I am a health geographer and demographer with additional training in public health and public policy. My research focuses in three areas – (1) health disparities and the socio-spatial determinants of health; (2) tobacco control and substance use; and (3) quantitative and geospatial research methods, particularly representative survey research and area-level observational studies. In my interdisciplinary work, I seek to understand contexts of health and place as foundational to perpetuating health disparities, as well as opportune for promoting health, through social engagement, built and natural environments, and multi-level policy infrastructures. In recent years, I have increasingly approached my research through the lens of sustainability; sustainable communities are those with equitable access to environments optimal for promoting health and preventing disease.
I have designed and implemented numerous probabilistic household surveys and environmental data collection projects, with which data I have published on topics such as tobacco control, cannabis use, migrant health and biological risk profiles in the context of urban neighborhoods. I recently completed the second wave of a panel study of young adult substance use in the San Francisco Bay Area, which also includes tobacco, vape and cannabis retail data collection, and neighborhood assessments.

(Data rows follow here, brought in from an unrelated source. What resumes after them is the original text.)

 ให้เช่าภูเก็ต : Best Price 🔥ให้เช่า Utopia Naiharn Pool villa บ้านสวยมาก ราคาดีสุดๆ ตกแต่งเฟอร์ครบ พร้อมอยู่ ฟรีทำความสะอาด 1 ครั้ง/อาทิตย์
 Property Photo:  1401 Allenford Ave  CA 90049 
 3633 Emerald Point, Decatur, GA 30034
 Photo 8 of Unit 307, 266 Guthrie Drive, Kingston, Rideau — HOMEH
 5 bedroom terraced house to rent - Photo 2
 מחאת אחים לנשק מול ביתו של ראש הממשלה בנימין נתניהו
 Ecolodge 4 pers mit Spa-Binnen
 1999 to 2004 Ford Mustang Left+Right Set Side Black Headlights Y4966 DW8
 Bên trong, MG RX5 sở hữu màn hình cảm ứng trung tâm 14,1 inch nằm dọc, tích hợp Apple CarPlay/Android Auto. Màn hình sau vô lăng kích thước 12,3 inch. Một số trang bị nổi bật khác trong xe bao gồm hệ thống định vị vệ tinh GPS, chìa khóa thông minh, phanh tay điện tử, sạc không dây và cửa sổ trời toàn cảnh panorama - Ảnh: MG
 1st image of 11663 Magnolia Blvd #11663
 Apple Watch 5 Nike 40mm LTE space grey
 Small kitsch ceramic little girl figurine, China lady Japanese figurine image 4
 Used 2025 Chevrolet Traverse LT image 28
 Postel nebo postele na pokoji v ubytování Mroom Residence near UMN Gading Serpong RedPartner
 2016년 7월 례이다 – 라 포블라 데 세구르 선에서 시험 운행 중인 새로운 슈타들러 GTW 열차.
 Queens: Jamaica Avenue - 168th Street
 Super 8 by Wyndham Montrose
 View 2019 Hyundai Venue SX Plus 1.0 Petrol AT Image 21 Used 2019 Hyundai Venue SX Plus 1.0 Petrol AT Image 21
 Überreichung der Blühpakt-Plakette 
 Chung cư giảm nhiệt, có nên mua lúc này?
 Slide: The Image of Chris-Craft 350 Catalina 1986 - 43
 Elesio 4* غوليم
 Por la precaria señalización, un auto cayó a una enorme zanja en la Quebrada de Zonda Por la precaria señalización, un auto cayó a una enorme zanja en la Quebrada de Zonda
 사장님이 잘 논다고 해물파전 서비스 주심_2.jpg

My work has been funded by the National Cancer Institute, National Center for Minority Health and Health Disparities, Centers for Disease Control and Prevention, FDA Tobacco Centers of Regulatory Science, California Tobacco-Related Disease Research Program, Binghamton University, and the California Endowment, among others.
Prior to joining Penn State, I was an Assistant Professor of Geography at the State University of New York at Binghamton from 2016-2020. I completed a Postdoctoral Fellowship at the University of California San Francisco in the Center for Tobacco Control Research & Education, and the Department of Medicine from 2013-2016. I earned my PhD in Geography at the University of Southern California in 2013.